The press is even relatively well-equipped to handle competitive skill-focused multi-player games as long as they’re grounded in a well-established genre. Got a FPS to review? Jot down a list of features, compare its level of execution to the most popular games in the genre at the time, and you’re good.

Where it gets to be a lot more hit & miss is when the press is faced with a skill-focused game that doesn’t easily fit into a pre-established category. These are games designed to be played over a period of months, honing your craft & improving your scores & times, not rushed through to see what happens at the end of the story. And if the reviewer doesn’t even realize that this is a skill-focused game and instead thinks that the game is an experienced-focused game because it’s single-player and has a story? Heaven help the developer of that game who is hoping for a good metacritic score because they’re not going to get it.

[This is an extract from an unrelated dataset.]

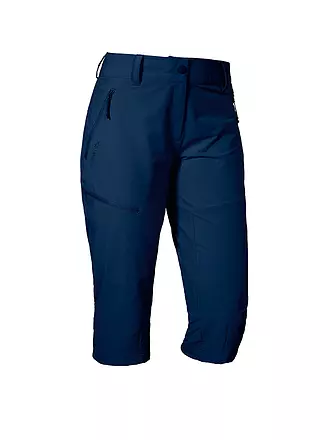 SCHÖFFEL | Damen 3/4 Outdoorhose Caracas2 | 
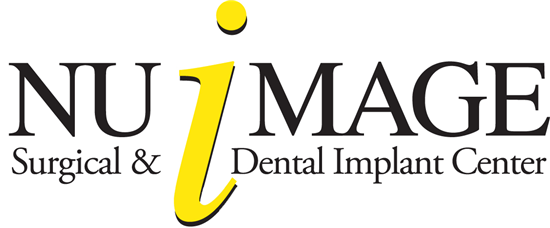 Nu Image Surgical & Dental Implant Center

Now if someone buys a game like this and doesn’t immediately get it, what are they going to do? Well, they have an investment in the game (the money they spent and their desire to enjoy the game) so they’re going to put in the effort to try to get something out of the game. They’ll keep at it until the game’s systems click for them, or they’ll look online at gameplay videos, ask questions on forums, check out a FAQ, etc. Some of them will eventually end up deciding that the game is bad or just not for them, but many of them will eventually end up enjoying the game. And if they end up enjoying the game, they may stick with the game and compete on the leaderboards, try to 100% the game, get all the achievements, etc.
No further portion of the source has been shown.